To get started, clone the repository and install the required dependencies:
git clone https://github.com/risabhmishra/google-news-scraper.git
cd google-news-scraper
pip3 install -r requirements.txt
Run the scraper with a simple command:
python3 google_news_scraper.py --query "Query Params" --time_delta "Time Delta"
--query
: Search term(s) for Google News (e.g., "AI technology").--time_delta
: Filter articles by age (e.g.,24h
for 24 hours,7d
for 7 days, or120s
for 120 seconds).
- Fetch News Links: Searches Google News for articles matching your query.
- Decode URLs: Decodes Google News redirect links to get the original article URLs.
- Extract Articles: Downloads and extracts clean text content from each article.

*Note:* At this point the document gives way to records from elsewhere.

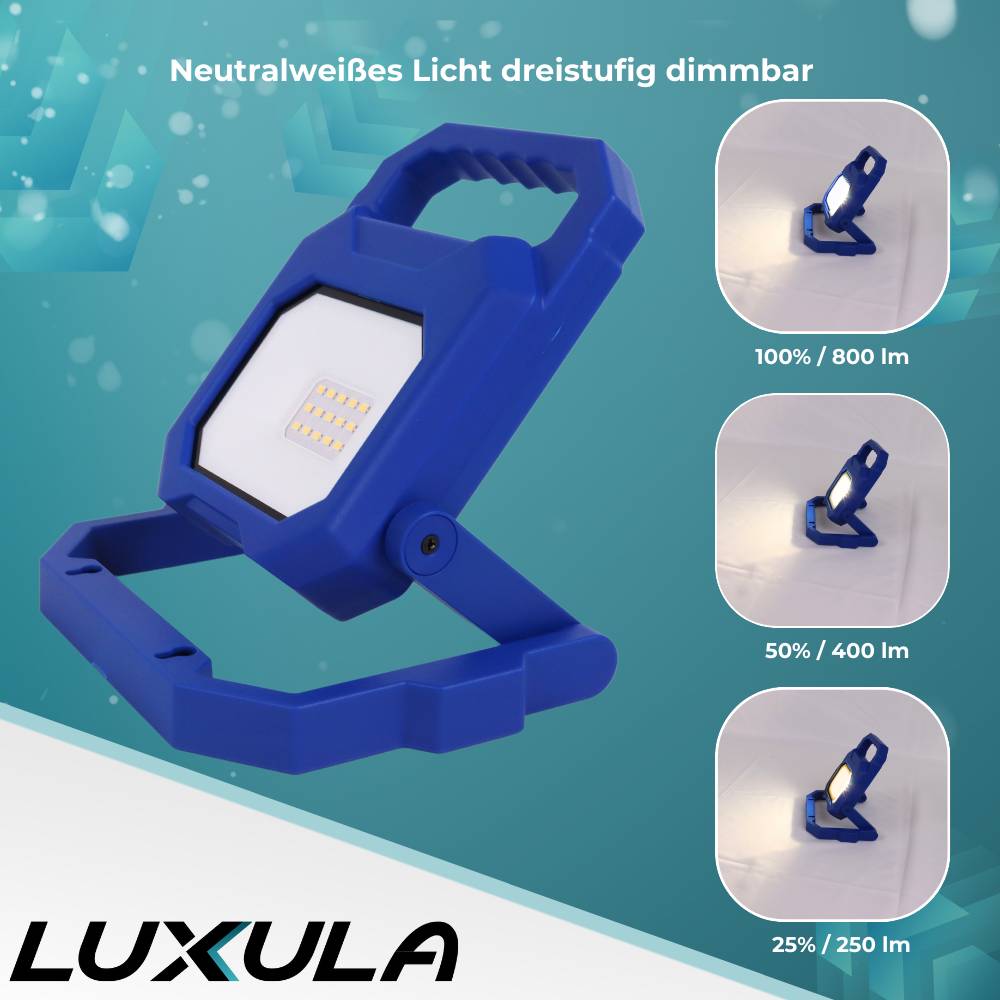 LUXULA - LED Akku Baustrahler 6W 800lm 4000K (neutralweiß) IP54 7 Stunden Lichtzeit faltbarer Strahler mit USB-2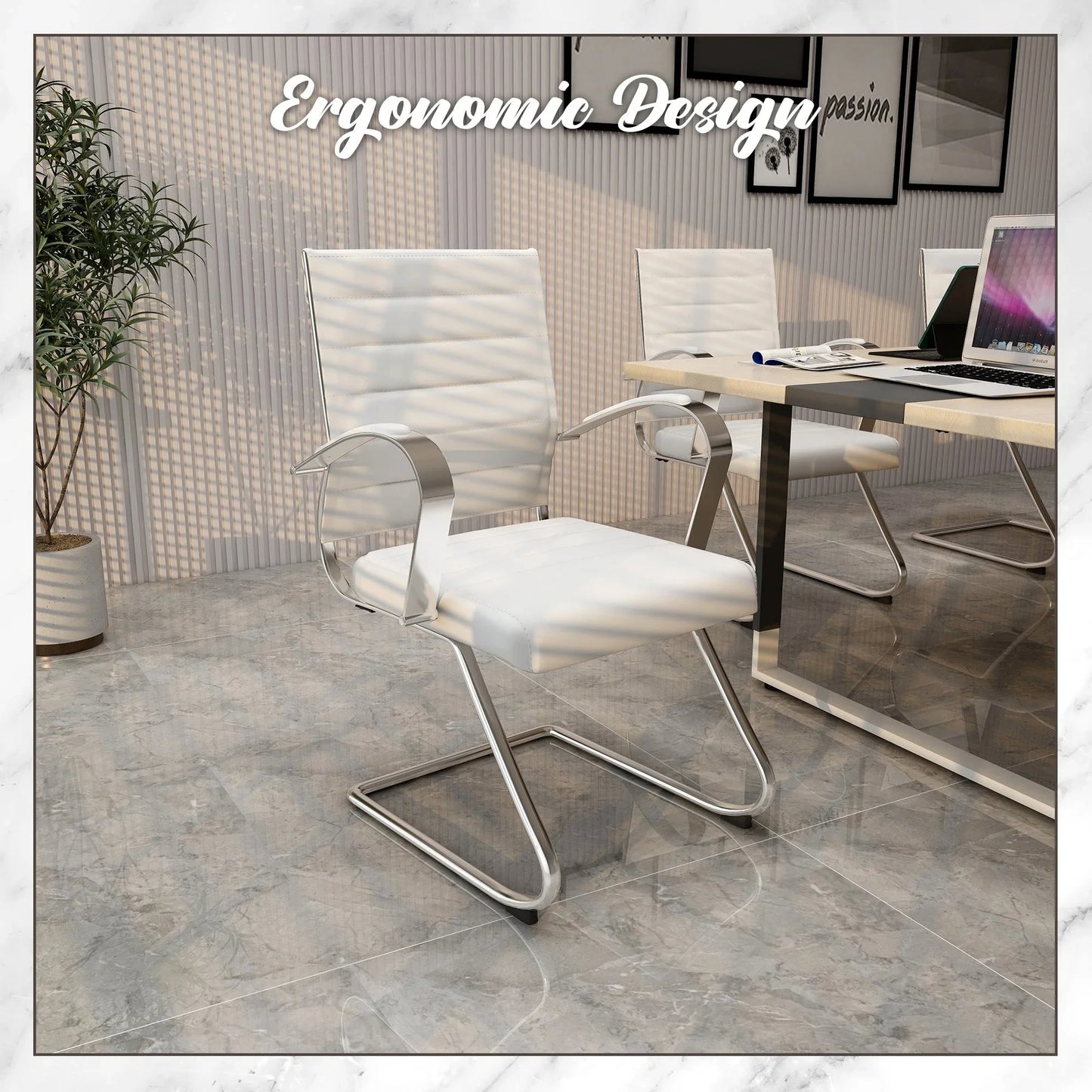 Benmar Mid-Back Office Conference Chair Upholstered in Leather with Stainless Steel Sled Base - Elax Furniture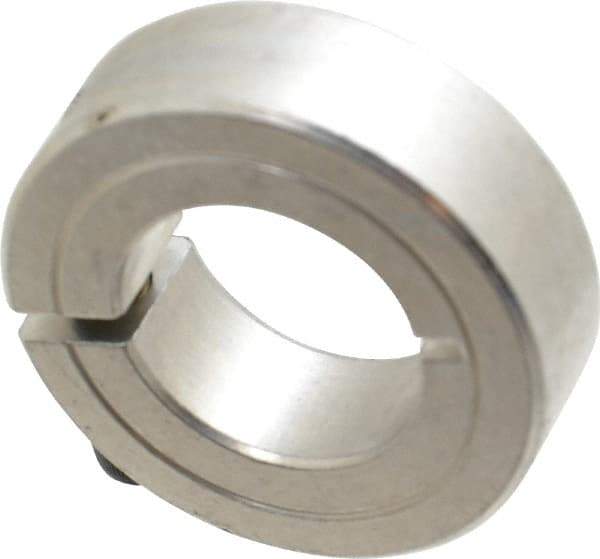 Climax Metal Products - 7/8" Bore, Aluminum, One Piece Clamp Collar - 1-5/8" Outside Diam, 1/2" Wide - Americas Tooling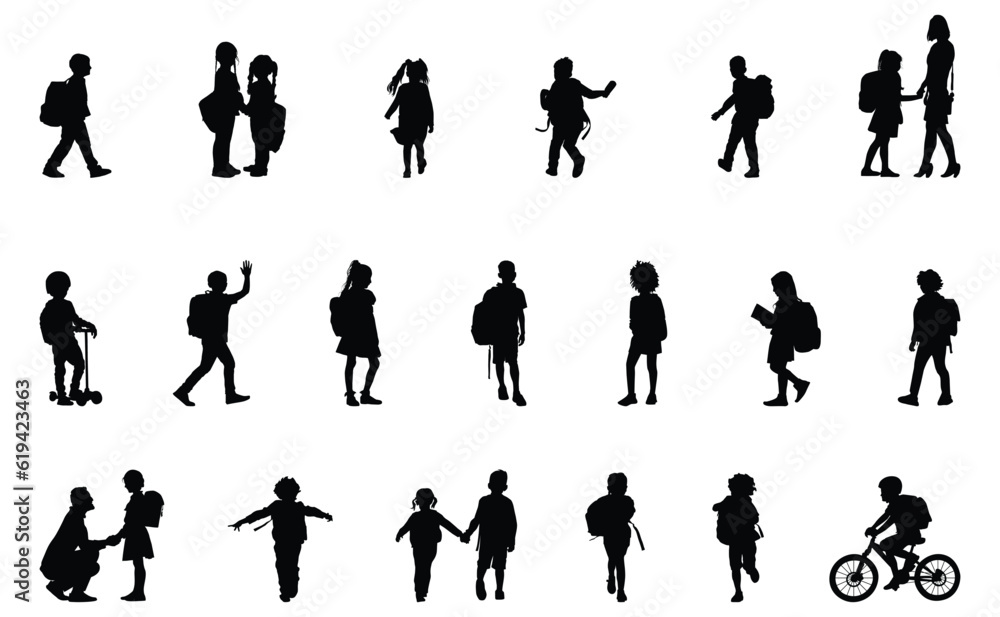 school boys and girls silhouette, kids going to school silhouette design school boys and girls silhouette, kids going to school silhouette design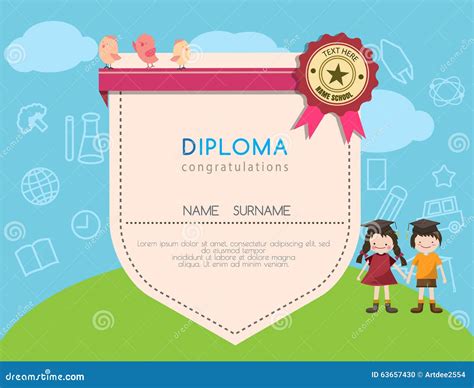 Kids Diploma Preschool Certificate Elementary School Design Template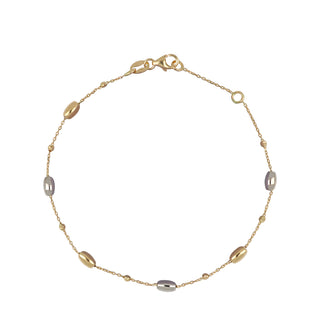 Bracciale Fabiani a chicco di riso in oro giallo e bianco 18Kt - Fabiani Gioiellerie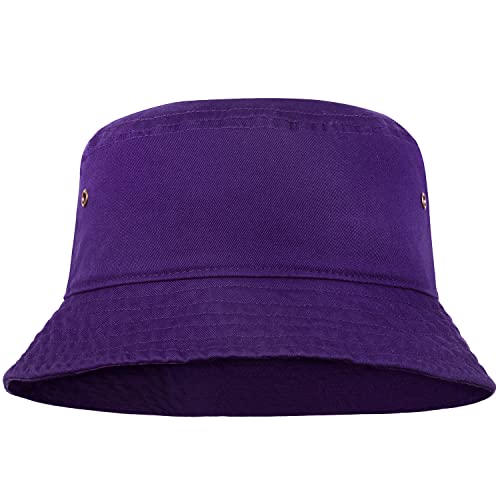 Men Women Unisex Cotton Bucket Hat 100% Cotton Packable for Travel Fishing Hunting Summer Camp (S/M, Purple) -  Falari, 63-1500-SM-PURPLE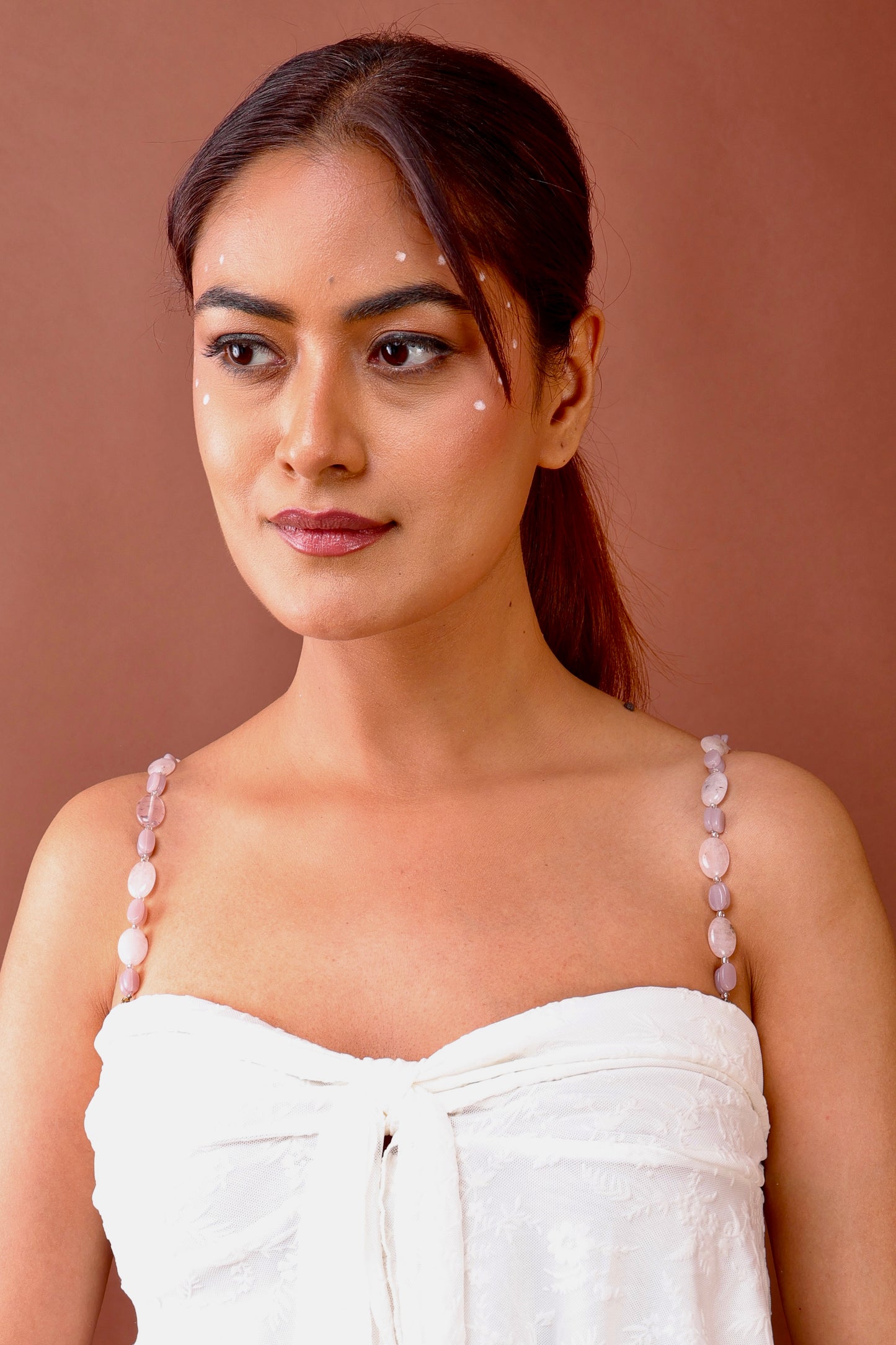 Dreamy nude beaded bra strap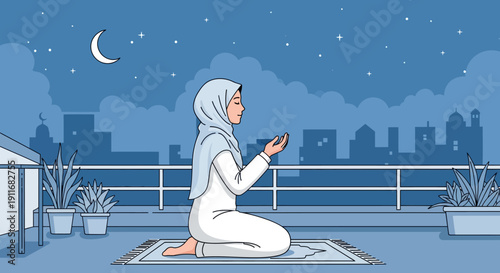 Muslim Woman Praying on Rooftop at Night Under Crescent Moon and Stars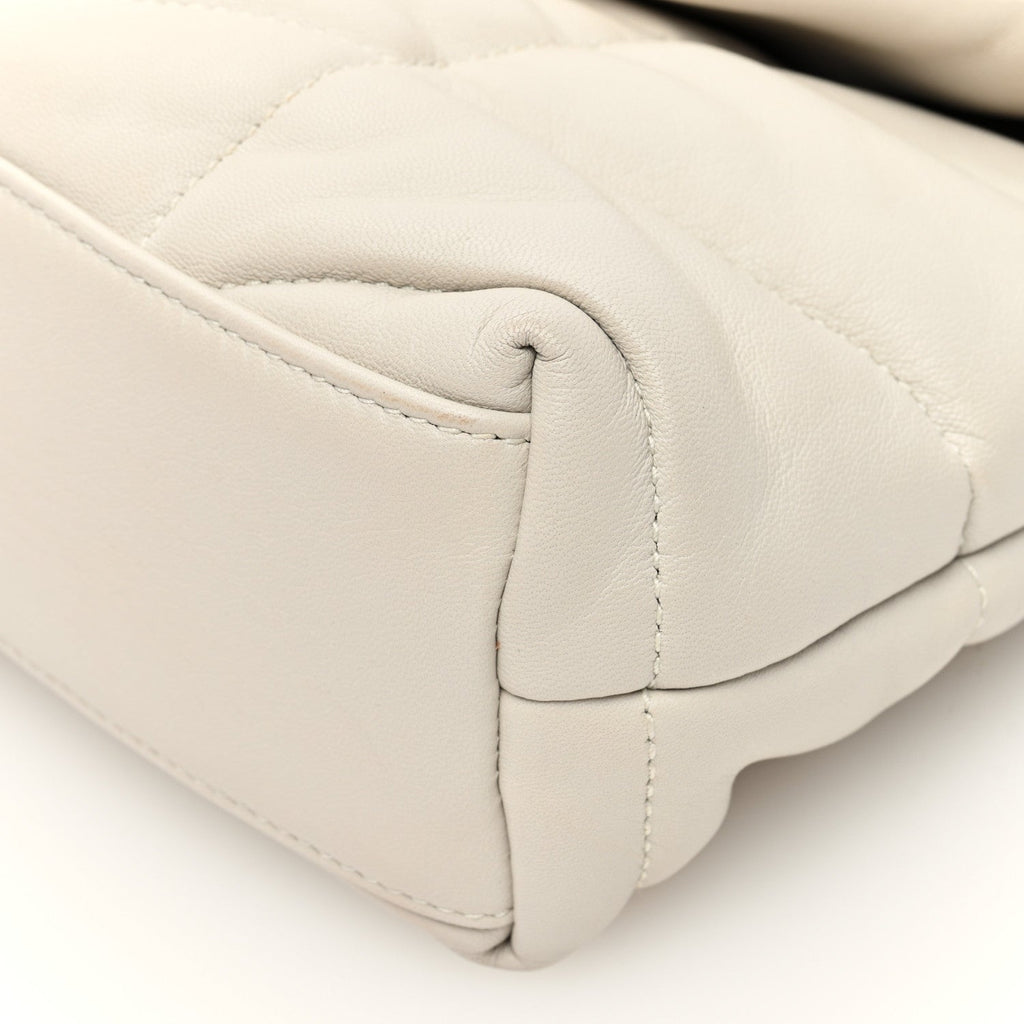 Lambskin Quilted Toy Loulou Puffer Monogram Chain Satchel Crema Soft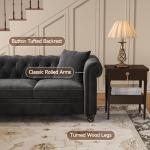 ONBRILL Velvet Chesterfield Sofa, L Shaped Sectional Sofa with Tufted Back & Rolled Arms, 3 Throw Pillows, Small Corner Sectional Couch for Living Room, Apartment, Black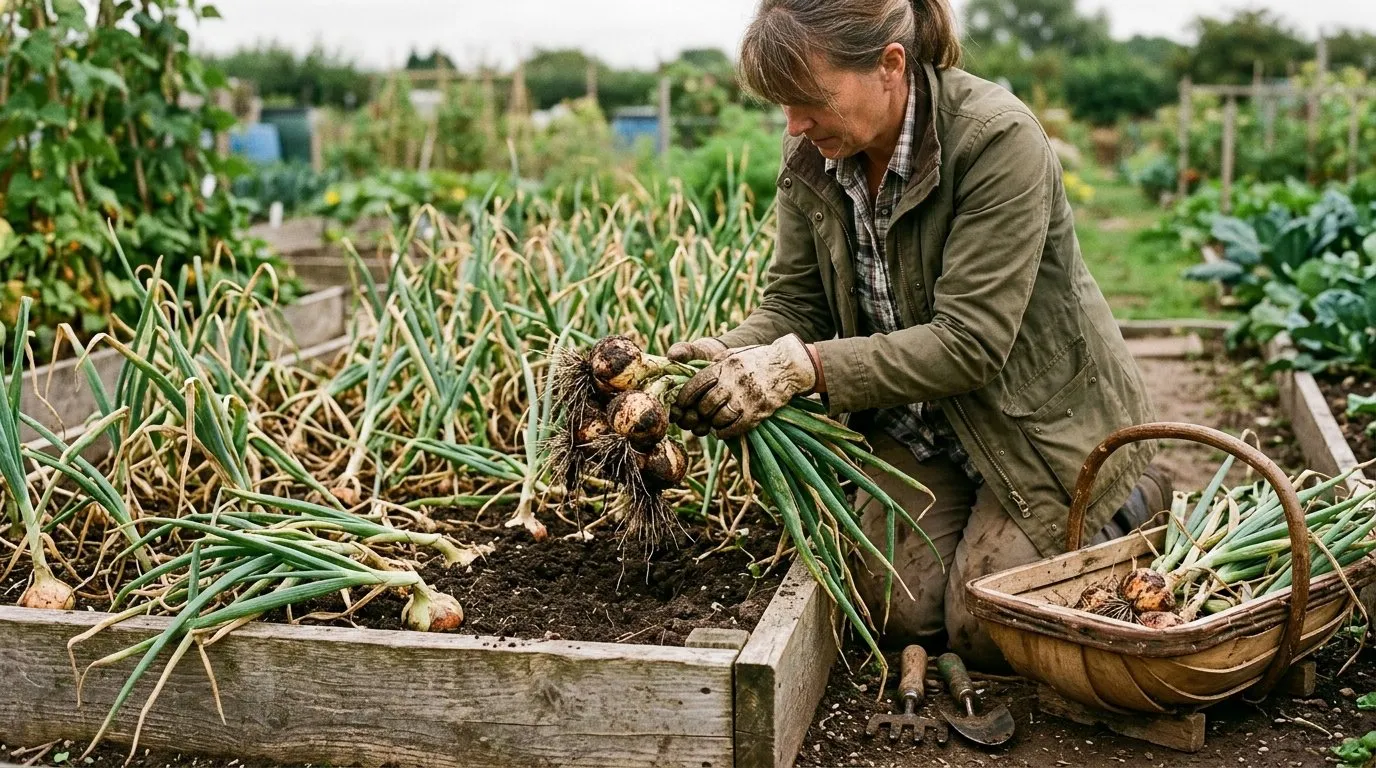 A UK gardener lifting a clutch of freshly pulled onions with soil on the roots over a raised allotment bed in August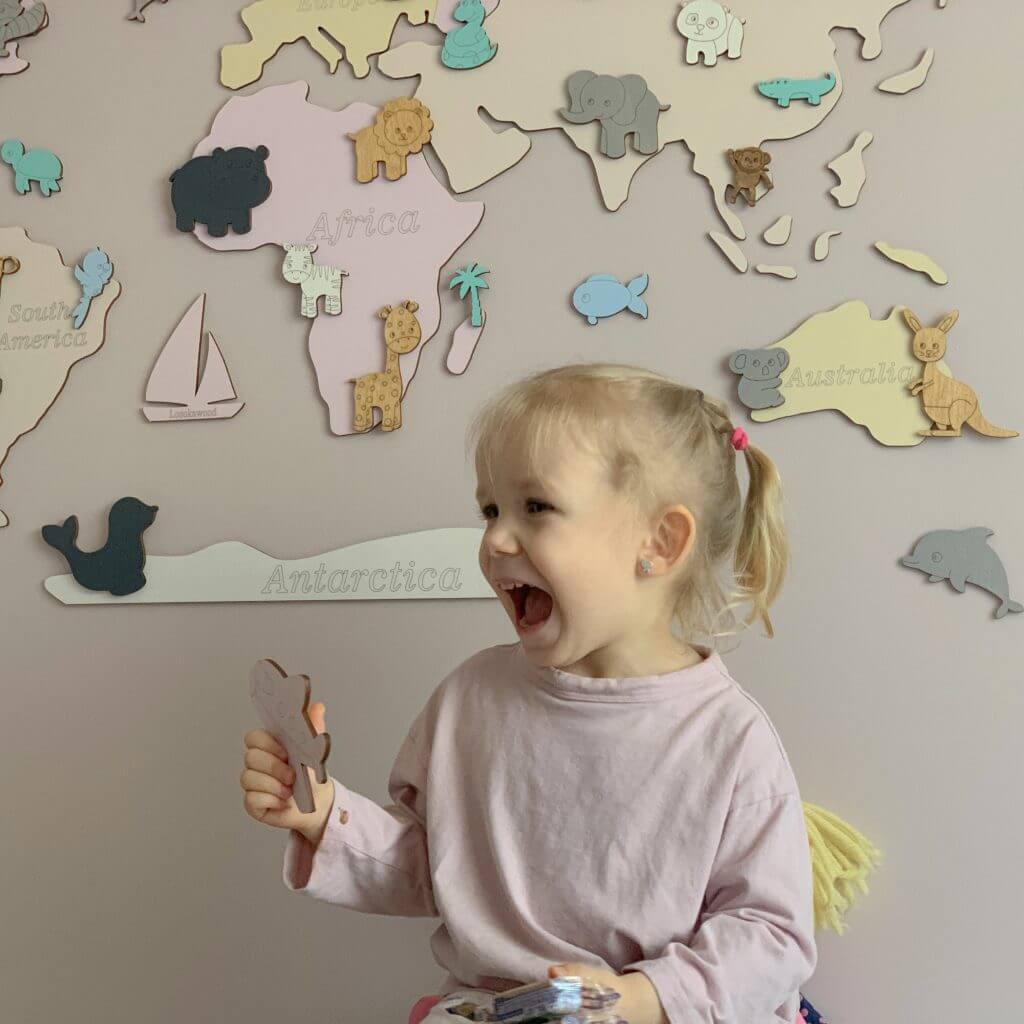Drewniana mapa dla dziecka na ścianę | LosokaWood.com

- Perform NLP: Applies basic NLP operations (customizable for advanced needs).
- Track Progress: Visualizes scraping and processing progress using a sleek progress bar.
Search for news about "ceinsys tech ltd" from the past 15 days:
python3 google_news_scraper.py --query "ceinsys tech ltd" --time_delta "15d"
Easily extend functionality:
- Advanced NLP: Add sentiment analysis, keyword extraction, or summarization.
- Data Storage: Save results in formats like JSON, CSV, or a database.
- Automation: Schedule periodic scraping tasks with cron jobs or task schedulers.
Enjoy a smooth user experience with a detailed progress bar powered by tqdm
:
[#### ] 25% Decoding URLs
[
{
"title": "Ceinsys Tech achieves breakthrough in geospatial technology",
"url": "https://example.com/ceinsys-tech",
"content": "Ceinsys Tech Ltd has revolutionized geospatial solutions...",
"timestamp": "2024-01-01"
},
...
]
We welcome contributions to enhance this project! Check out our CONTRIBUTING.md for guidelines.
- No need to manually search for and decode Google News links.
- Lightweight and customizable for a wide range of use cases.
- Perfect for news aggregation, research, and analytics.
This project is licensed under the MIT License.